Советские чиновники придумали замечательную глупость, именовавшуюся «коллективное мнение». Это мнение не представляло никого, кроме функционеров, его формулировавших. Так исключались двоечники из пионеров, подвергались изгнанию из страны предатели и диссиденты, посылались приветственные письма правительству, осуждались Пастернак, Сахаров, Солженицын и кто угодно, принимались высочайшие производственные обязательства и решения массово сдать кровь для переливания погорельцам. На самом деле письма правительству подшивались в папку, планы не выполнялись, а кровь отправляли в местную больницу для начальства. Это был ритуал, а все на свете чиновники обожают ритуалы.
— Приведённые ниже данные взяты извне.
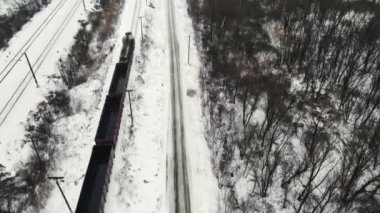 Yük treni kışın demiryolu ile seyahat eder.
Важно было, чтобы решения принимали не конкретные люди, несущие хоть какую-то ответственность, а безликая народная масса, собрание, митинг. Причем сразу же скажу, что и в других странах пробуют иногда пользоваться подобным методом, не в таких, конечно, масштабах. Я был в Америке, когда в январе 1977 года там, во дворе тюрьмы мормонского штата Юта, решили расстрелять убийцу Гэри Гилмора. Шести отобранным палачам-добровольцам раздали винтовки; пять были заряжены боевыми патронами, а одна – холостым. Стрелял коллектив, но каждый мог утверждать, что убил не он, потому что его патрон был без пули. Коллективная ответственность – великая штука.